Here's a confession: our ultimate research goal is to complete Weber's proposal on the molecular structure of atoms according to his proposed electrodynamics.
This would mean classifying the semistable states of various $N$-body electrical systems. This was outlined by Wilhelm Weber in one of his final posthumously published memoirs. Insert reference.
We can numerically simulate these solutions using odeint on python. We fix the centre of mass of the system as the origin reference point, and can integrate the equations of motion using Weber's force law. This is complicated $N$-body system, so what can we reasonably expect to prove ?
When we write $-2=-1-1$ we mean considering $-2$ as a two-body system which is stable, i.e. two identicaly negative charges have been forced through the critical radius and stably attracted to each other.
- We should classify the $(-2) + (+1)$ system, which consists of three particles. In other words, does the system collapse? Or is it a stable planetary type system, i.e. the two-body system $(-2)$ rotates with precession about the $(+1)$ charge. This would require a simulation.

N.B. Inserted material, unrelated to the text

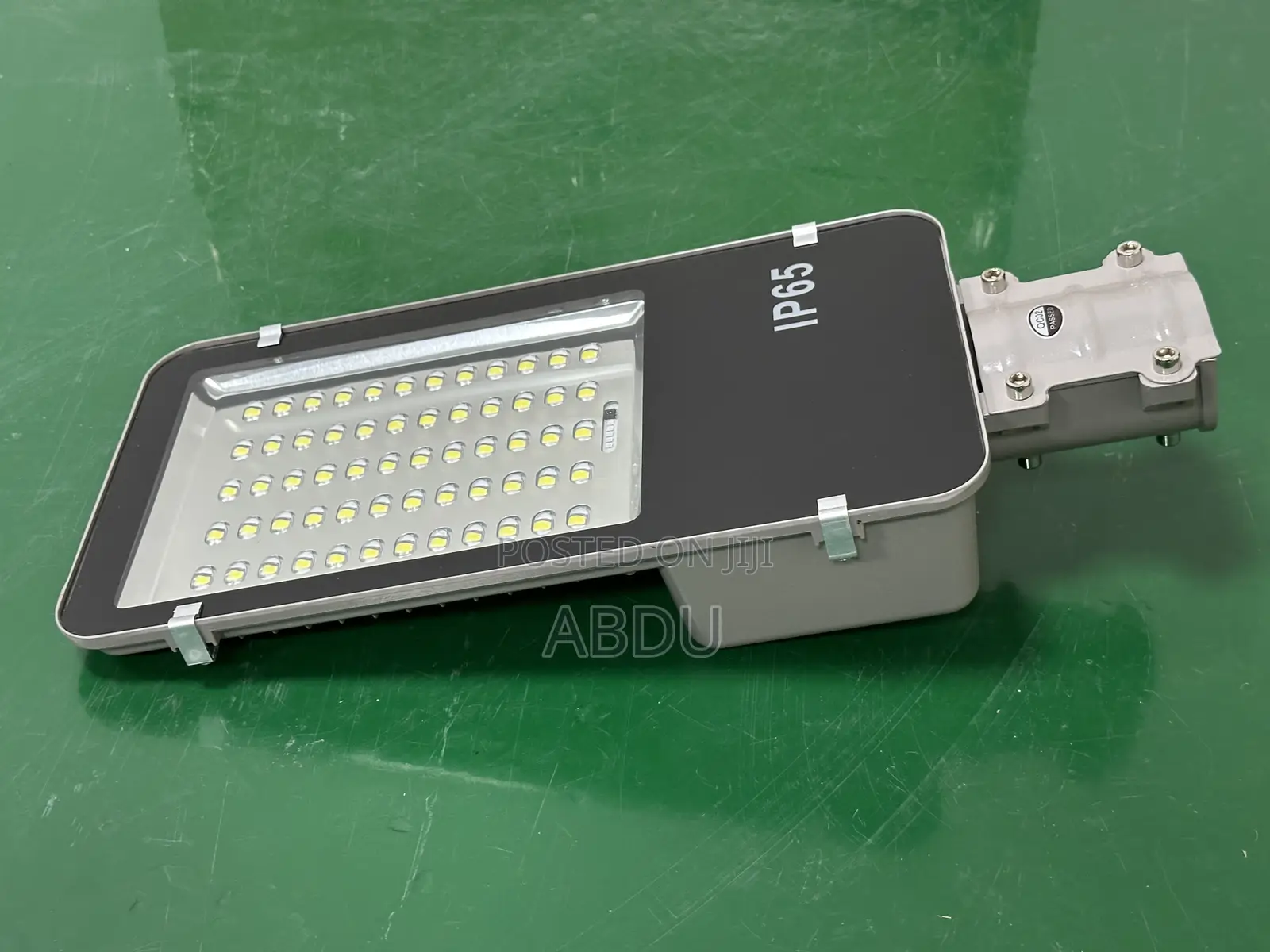 600w Solar Streetlight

Classifying the stable orbits of the above three-body system, which has net charge $-1$ (!) would be very interesting starting point. In Ralph Sansbury's model, the above system represents the electron, and in this sense Sansbury speaks of the structured electron. The question which needs be considered is what is the internal potential energy of the above system, i.e. at what energies can it be separated ? Because we do not typically see the electron disintegrating into smaller subsystems. But it's possible that the system has an extremely large cohesion energy, and that if the system ever degenerated, then particles travelling at velocities greater than $c$ would be observed. And this possibility is not ruled out a priori by the Weber electrodynamics.
There is an obvious multiplicity in the possible configurations once you allow the possibility of the electron as being structured of smaller systems. And this is where we need simulation, because I'm not sure we can work out the theory a priori. That is, the energy landscape of the Weber potential is not well known for many-body systems, and simulation is a good way to start learning.
For example the four-body systems with zero net charge could have various configurations. Likewise the six body systems with zero net charge, etc..
Here we implicitly assume a zero net charge to represent the stable molecular atoms. This implies an even number of particles. However we do not require the inertial masses $m_+$ and $m_-$ to be equal a priori. And in practice we find the proton significantly heavier than the conventional electron. In light of Sansbury's proposal, we need a heuristic to find the order of magnitude of the indivisible negative charges $(-1)$ and positive charges $(+1)$.
There is very interesting idea of Ralph Sansbury which calls "metastable orbits". This is Sansbury's explanation for the apparent nonradiation of the hydrogen atom. In fact, there is radiation between the subsystems, but there is zero net radiation into the environment! That's Sansbury's brilliant idea. (He has others.)